## WORK ORDER:
Each line from the one with "Image of White" through the last line of the records must be output exactly, both ends included.

▬▬▬▬▬▬

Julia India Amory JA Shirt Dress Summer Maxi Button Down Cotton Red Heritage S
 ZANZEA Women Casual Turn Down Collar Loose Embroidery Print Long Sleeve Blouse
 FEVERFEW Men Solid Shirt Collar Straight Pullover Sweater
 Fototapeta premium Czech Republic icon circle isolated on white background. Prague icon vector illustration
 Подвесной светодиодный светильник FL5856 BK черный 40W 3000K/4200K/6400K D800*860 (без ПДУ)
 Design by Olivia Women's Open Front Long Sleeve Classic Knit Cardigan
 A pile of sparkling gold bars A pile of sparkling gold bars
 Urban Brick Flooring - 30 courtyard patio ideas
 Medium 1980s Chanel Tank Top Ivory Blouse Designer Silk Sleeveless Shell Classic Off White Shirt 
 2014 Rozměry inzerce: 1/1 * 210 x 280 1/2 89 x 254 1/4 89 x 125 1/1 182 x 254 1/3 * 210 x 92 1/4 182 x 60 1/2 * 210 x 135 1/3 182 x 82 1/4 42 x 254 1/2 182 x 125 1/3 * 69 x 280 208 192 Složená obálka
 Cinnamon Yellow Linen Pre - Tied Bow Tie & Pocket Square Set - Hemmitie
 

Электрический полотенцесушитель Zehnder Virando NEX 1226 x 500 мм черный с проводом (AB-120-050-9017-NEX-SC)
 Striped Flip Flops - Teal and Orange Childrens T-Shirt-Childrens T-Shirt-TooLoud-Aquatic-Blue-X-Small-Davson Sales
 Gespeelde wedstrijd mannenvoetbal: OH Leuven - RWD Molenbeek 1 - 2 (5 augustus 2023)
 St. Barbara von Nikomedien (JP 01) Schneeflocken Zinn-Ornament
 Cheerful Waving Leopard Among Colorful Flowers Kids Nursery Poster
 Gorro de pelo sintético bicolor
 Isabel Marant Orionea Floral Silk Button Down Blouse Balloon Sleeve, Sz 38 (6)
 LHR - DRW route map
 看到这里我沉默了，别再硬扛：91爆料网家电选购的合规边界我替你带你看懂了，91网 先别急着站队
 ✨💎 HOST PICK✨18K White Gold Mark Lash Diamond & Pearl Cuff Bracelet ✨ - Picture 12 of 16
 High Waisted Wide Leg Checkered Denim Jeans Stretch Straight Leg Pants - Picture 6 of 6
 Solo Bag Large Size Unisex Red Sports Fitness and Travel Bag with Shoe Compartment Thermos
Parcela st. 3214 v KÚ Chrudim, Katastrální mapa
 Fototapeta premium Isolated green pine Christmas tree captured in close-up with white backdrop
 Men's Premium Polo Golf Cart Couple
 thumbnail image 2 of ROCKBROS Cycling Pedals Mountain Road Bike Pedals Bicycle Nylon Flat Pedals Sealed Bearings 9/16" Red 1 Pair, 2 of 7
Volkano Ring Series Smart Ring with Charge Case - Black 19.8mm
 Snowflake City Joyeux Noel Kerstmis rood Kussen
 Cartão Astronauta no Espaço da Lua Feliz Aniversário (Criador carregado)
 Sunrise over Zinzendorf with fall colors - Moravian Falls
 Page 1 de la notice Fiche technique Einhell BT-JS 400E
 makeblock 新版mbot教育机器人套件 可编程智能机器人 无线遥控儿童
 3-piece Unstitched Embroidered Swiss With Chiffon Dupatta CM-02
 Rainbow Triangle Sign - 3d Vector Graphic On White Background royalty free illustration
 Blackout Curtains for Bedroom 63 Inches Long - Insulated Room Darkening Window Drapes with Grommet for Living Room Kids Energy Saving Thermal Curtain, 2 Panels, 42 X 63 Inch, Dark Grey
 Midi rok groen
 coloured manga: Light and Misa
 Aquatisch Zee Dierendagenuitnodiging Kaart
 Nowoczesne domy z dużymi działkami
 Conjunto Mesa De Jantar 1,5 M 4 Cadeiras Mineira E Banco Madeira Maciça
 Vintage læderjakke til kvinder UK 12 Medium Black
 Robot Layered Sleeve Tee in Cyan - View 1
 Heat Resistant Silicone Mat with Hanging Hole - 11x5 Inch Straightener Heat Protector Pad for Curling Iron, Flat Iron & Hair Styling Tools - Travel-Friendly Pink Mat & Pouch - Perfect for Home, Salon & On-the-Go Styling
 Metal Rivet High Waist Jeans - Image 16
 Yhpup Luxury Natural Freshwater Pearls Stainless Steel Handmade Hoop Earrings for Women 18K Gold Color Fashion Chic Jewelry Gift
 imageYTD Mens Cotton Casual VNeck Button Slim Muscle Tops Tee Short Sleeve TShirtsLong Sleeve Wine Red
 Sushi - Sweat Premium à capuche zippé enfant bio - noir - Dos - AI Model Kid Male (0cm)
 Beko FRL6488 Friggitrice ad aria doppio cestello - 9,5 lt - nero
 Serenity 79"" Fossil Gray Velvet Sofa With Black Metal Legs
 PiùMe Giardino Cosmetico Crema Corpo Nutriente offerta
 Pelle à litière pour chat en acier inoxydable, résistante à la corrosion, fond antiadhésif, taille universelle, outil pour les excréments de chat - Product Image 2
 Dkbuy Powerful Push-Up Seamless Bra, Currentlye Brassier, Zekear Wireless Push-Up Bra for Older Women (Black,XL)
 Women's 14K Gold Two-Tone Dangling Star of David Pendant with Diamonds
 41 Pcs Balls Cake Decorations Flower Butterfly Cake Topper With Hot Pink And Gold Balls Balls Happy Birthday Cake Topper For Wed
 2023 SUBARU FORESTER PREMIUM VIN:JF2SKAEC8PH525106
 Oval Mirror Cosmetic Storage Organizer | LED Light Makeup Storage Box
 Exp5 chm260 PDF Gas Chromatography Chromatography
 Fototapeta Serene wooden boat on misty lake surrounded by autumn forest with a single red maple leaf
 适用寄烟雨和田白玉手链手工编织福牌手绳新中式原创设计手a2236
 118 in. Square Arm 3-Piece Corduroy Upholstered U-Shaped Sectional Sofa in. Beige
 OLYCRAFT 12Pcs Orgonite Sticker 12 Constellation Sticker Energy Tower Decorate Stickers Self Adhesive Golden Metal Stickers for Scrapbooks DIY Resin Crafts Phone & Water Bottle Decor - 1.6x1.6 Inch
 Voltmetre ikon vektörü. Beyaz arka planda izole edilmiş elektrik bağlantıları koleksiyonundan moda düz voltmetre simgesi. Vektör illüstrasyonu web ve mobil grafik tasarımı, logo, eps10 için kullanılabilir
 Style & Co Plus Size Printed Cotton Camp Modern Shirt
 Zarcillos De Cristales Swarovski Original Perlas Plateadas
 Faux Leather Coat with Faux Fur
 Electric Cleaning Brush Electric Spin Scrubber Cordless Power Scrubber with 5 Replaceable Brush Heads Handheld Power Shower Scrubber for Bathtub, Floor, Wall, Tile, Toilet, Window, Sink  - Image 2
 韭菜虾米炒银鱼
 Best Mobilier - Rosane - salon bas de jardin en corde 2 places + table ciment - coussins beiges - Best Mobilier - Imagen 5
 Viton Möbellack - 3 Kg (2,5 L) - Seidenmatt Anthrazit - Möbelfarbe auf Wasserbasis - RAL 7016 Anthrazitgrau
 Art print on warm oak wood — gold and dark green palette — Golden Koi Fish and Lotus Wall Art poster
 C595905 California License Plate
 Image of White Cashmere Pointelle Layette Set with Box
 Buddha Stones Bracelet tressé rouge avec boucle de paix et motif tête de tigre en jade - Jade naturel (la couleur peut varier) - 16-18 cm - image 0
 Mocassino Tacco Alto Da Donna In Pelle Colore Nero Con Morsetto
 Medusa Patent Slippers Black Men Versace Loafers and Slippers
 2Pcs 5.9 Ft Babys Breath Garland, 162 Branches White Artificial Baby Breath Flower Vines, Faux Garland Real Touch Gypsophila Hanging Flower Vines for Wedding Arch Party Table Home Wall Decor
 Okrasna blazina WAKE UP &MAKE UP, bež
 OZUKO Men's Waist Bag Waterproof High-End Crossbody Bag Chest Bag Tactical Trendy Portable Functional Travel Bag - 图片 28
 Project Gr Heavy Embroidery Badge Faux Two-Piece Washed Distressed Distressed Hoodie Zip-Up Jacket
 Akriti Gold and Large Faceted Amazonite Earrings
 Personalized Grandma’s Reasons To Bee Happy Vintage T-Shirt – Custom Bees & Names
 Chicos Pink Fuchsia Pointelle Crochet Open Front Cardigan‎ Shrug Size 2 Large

▬▬▬▬▬▬

## ANSWER:
 Image of White Cashmere Pointelle Layette Set with Box
 Buddha Stones Bracelet tressé rouge avec boucle de paix et motif tête de tigre en jade - Jade naturel (la couleur peut varier) - 16-18 cm - image 0
 Mocassino Tacco Alto Da Donna In Pelle Colore Nero Con Morsetto
 Medusa Patent Slippers Black Men Versace Loafers and Slippers
 2Pcs 5.9 Ft Babys Breath Garland, 162 Branches White Artificial Baby Breath Flower Vines, Faux Garland Real Touch Gypsophila Hanging Flower Vines for Wedding Arch Party Table Home Wall Decor
 Okrasna blazina WAKE UP &MAKE UP, bež
 OZUKO Men's Waist Bag Waterproof High-End Crossbody Bag Chest Bag Tactical Trendy Portable Functional Travel Bag - 图片 28
 Project Gr Heavy Embroidery Badge Faux Two-Piece Washed Distressed Distressed Hoodie Zip-Up Jacket
 Akriti Gold and Large Faceted Amazonite Earrings
 Personalized Grandma’s Reasons To Bee Happy Vintage T-Shirt – Custom Bees & Names
 Chicos Pink Fuchsia Pointelle Crochet Open Front Cardigan‎ Shrug Size 2 Large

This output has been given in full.